== Assignment ==
For this exercise, the lines from the one with "Haibike Trekking 7 - High" through the end of the material below must be output exactly, without pictures.

# # # # # # #

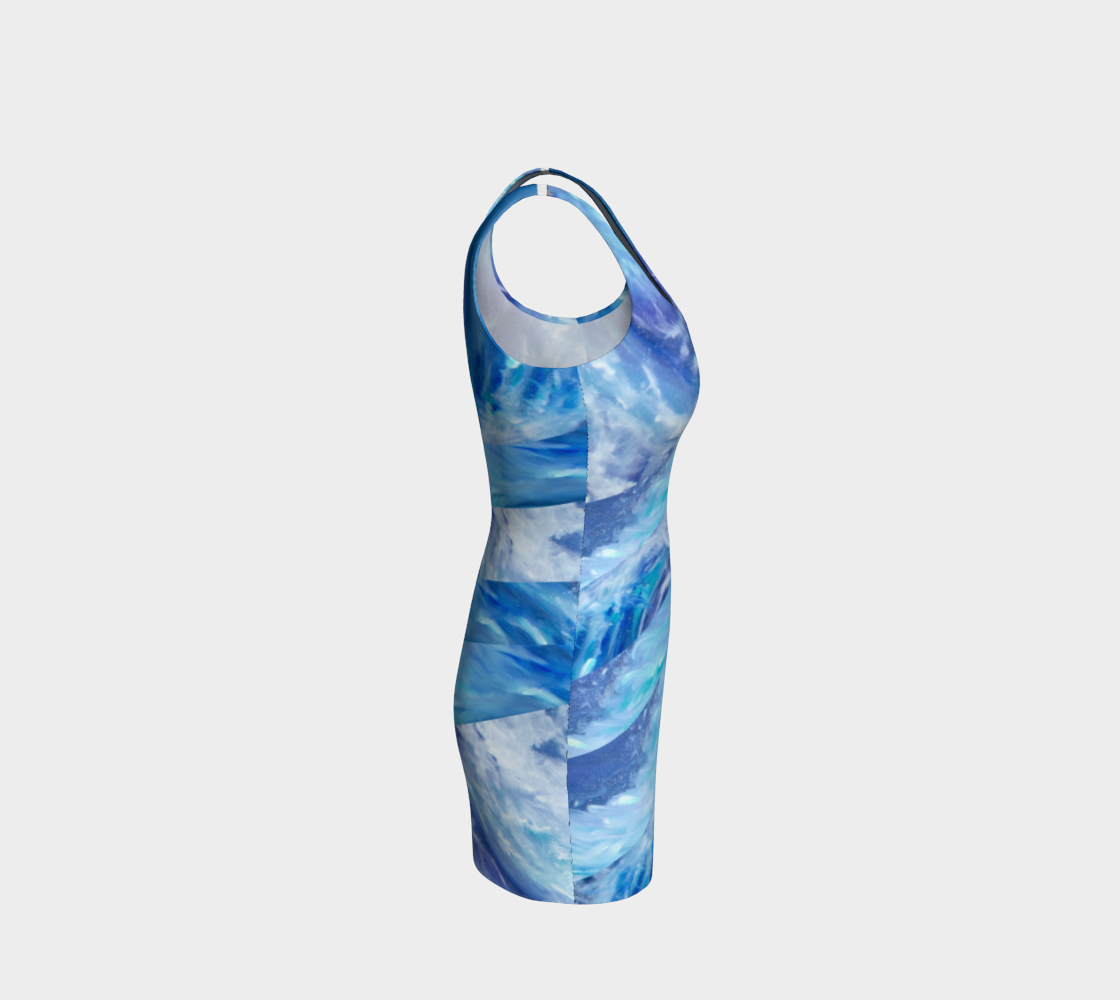 Robe silhouette  - Stronger than before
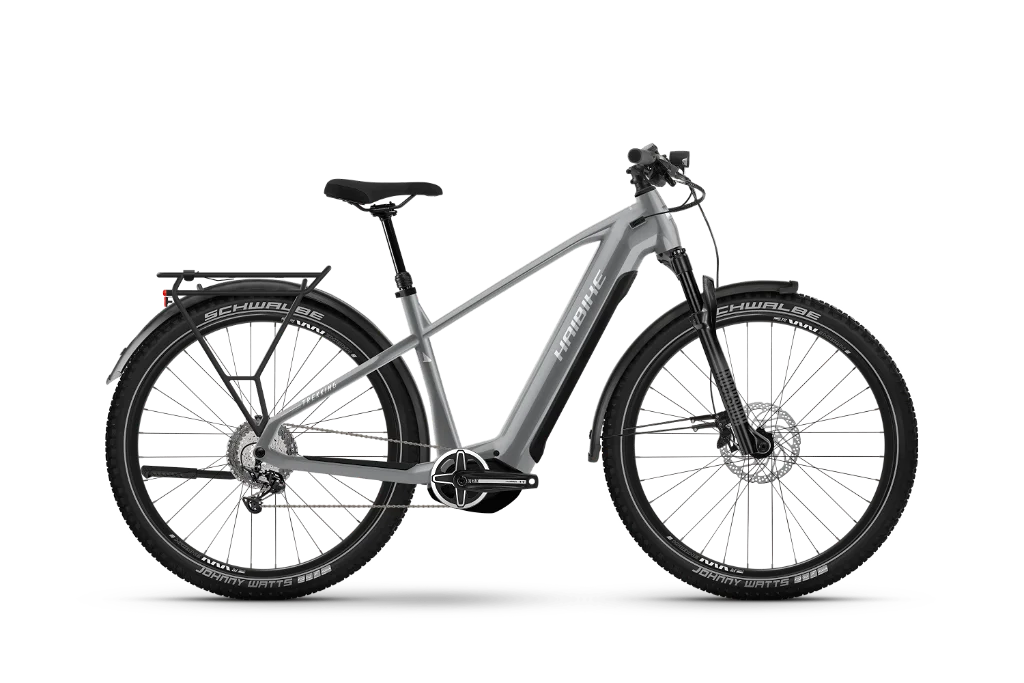 Haibike Trekking 7 - High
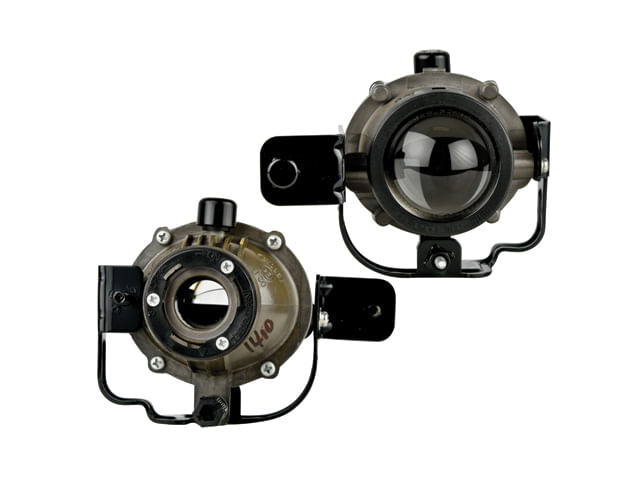 Faro Para Niebla Trasero Derecho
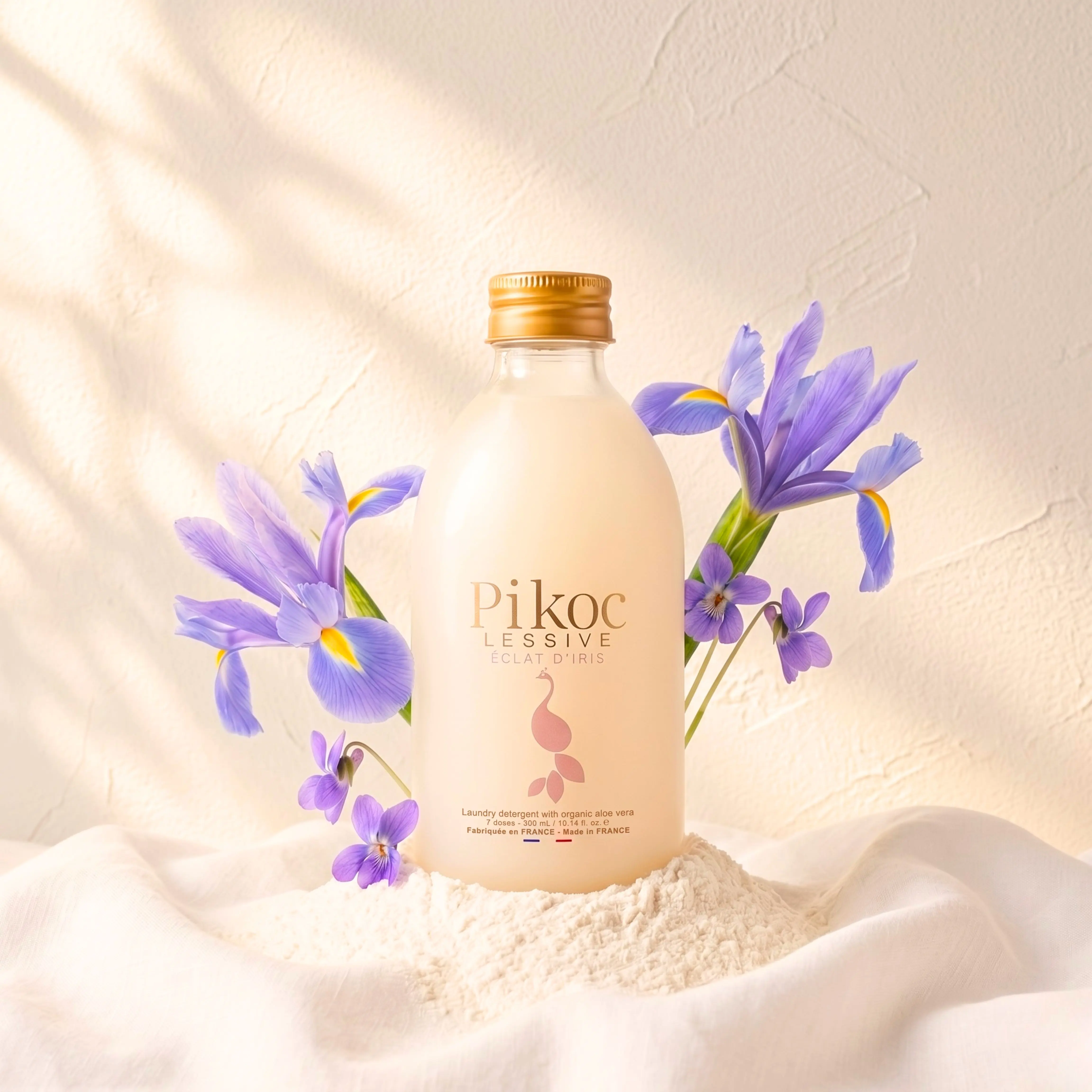 Lessive Éclat d'Iris 300mL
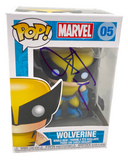 Hugh Jackman Signed Funko Pop Marvel Wolverine #05 Autograph X-Men Beckett COA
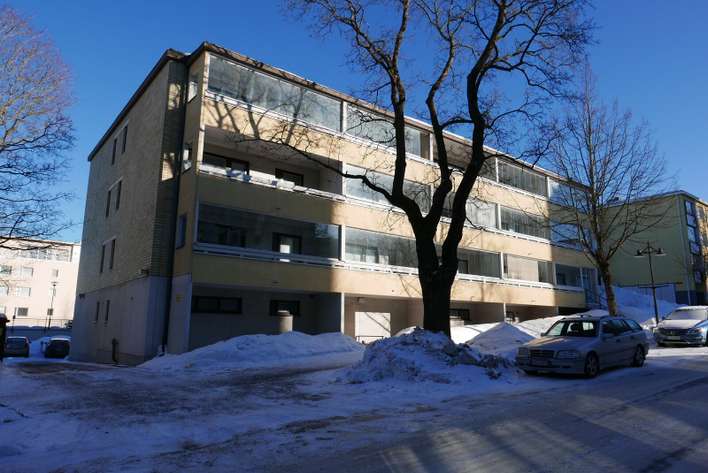 Kerrostalo, 1h, kk, 30,5 m², Keskusta, Lappeenranta
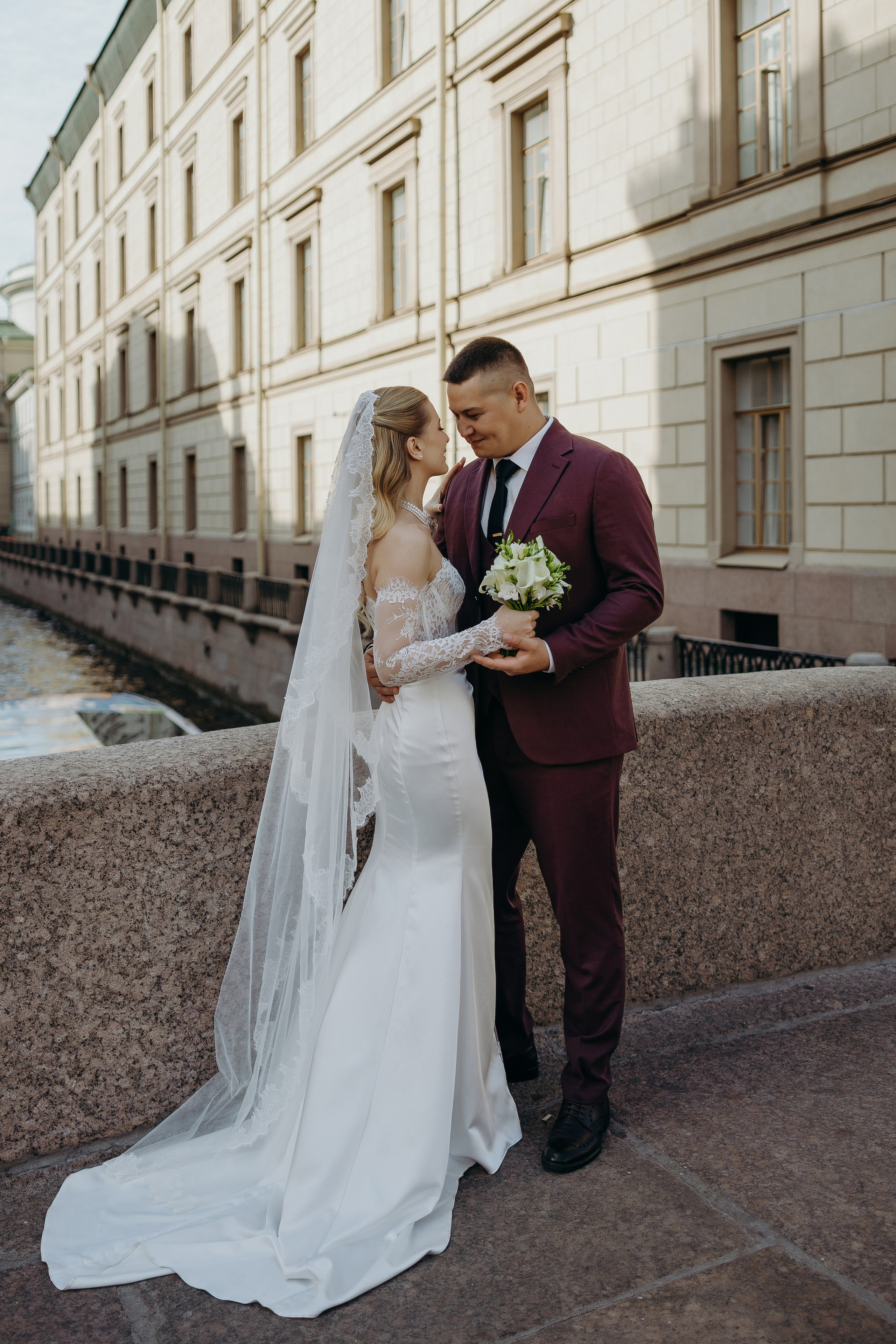 Wedding day 16.06.25. Свадебный фотограф в Санкт-Петербурге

# # # # # # #

== Written response ==
 Haibike Trekking 7 - High
 Faro Para Niebla Trasero Derecho
 Lessive Éclat d'Iris 300mL
 Hugh Jackman Signed Funko Pop Marvel Wolverine #05 Autograph X-Men Beckett COA
 Kerrostalo, 1h, kk, 30,5 m², Keskusta, Lappeenranta
 Wedding day 16.06.25. Свадебный фотограф в Санкт-Петербурге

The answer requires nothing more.